I don't think what is literally stated here can possibly be what is intended. Saying that a problem is NP is an assertion that it's not harder than a certain level of difficulty, not that it's at least that hard. The problem of deciding whether zero equals zero is NP.
Probably what is intended here is that the problem is NP-hard, or perhaps NP-complete (which means both NP-hard and NP). Another slim possibility is that it means something like "the problem is NP, and if the polynomial-time heirarchy does not collapse, then the problem is not P". I don't know enough about the problem to say which of these is the intended meaning. Someone who does, please clarify. --Trovatore 06:43, 19 August 2007 (UTC)

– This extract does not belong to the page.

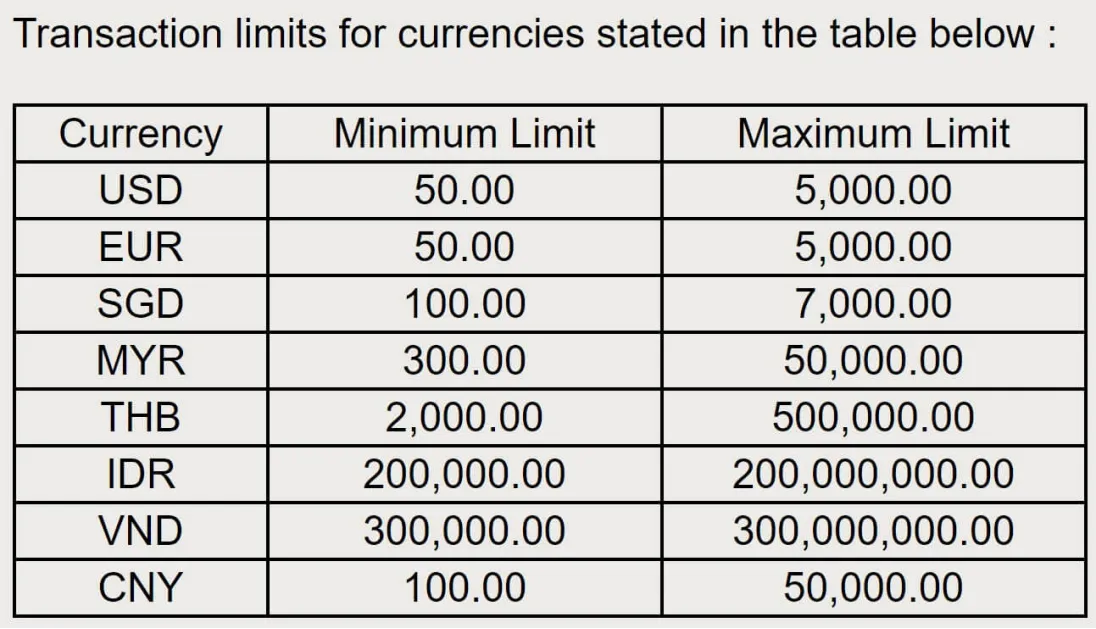 Deposit & Withdrawal Deposit & Withdrawal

- Apologies. It's not my field, and I just wrote it off the top of my head (from some dim memory). I changed it now to something possibly better, although I'm hoping that someone who knows the field will swoop in and make it into a real article. —Dfass 07:30, 19 August 2007 (UTC)
Addition of purpose and example
[edit]I decided to add the "purpose" section to clarify the reason why anyone would want to minimize a circuit in the first place. I also added an example for a circuit using boolean logic and showed that it can be simplified to an XOR gate (the picture was drawn by me, and I think the 'or' and 'xor' gates should be a bit more pointy at the edge but I couldn't draw it so well). Uoft ftw (talk) 00:44, 13 February 2008 (UTC)